[DO NOT PUBLISH]
IN THE UNITED STATES COURT OF APPEALS
FILED
FOR THE ELEVENTH CIRCUIT U.S. COURT OF APPEALS
________________________ ELEVENTH CIRCUIT
Nov. 13, 2009
No. 09-10840 THOMAS K. KAHN
Non-Argument Calendar CLERK
________________________
D. C. Docket No. 07-00210-CV-1-MMP-WCS
JOHN CARMAN,
Plaintiff-Appellant,
versus
MICHAEL J. ASTRUE, Commissioner of
Social Security Administration,
Defendant-Appellee.
________________________
Appeal from the United States District Court
for the Northern District of Florida
_________________________
(November 13, 2009)
Before DUBINA, Chief Judge, MARCUS and ANDERSON, Circuit Judges.
PER CURIAM:
Appellant John Carman, through counsel, appeals the district court’s order
affirming the Commissioner of Social Security’s (the “Commissioner”) denial of
his application for disability insurance benefits, 42 U.S.C. § 405 et seq., and
supplemental security income (“SSI”), 42 U.S.C. § 1381 et seq.

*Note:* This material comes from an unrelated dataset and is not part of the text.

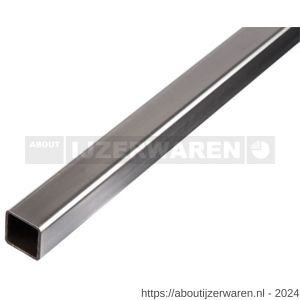 GAH Alberts vierkante buis staal glad 60x60x2,5 mm 1 m - W51501990 - afbeelding 1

On appeal,
Carman argues that the Administrative Law Judge (“ALJ”) ignored and failed to
evaluate properly the opinions of his treating physicians. Carman also argues that
the ALJ failed to give “explicit and adequate reasons” for discrediting his
subjective complaints of pain.
We review the Commissioner’s decision to determine whether it is
supported by substantial evidence and whether the Commissioner applied the
proper legal standards. Crawford v. Comm’r of Soc. Sec., 363 F.3d 1155, 1158
(11th Cir. 2004). “Substantial evidence is more than a scintilla and is such relevant
evidence as a reasonable person would accept as adequate to support a
conclusion.” Id. (internal quotation marks omitted). “Even if the evidence
preponderates against the Commissioner’s findings, we must affirm if the decision
reached is supported by substantial evidence.” Id. at 1158-59 (internal quotation
marks omitted). “We may not decide facts anew, reweigh the evidence, or
substitute our judgment for that of the Commissioner.” Dyer v. Barnhart, 395 F.3d
1206, 1210 (11th Cir. 2005) (internal quotation marks and alteration omitted).
“Review of the Secretary’s application of legal principles is plenary.” Foote v.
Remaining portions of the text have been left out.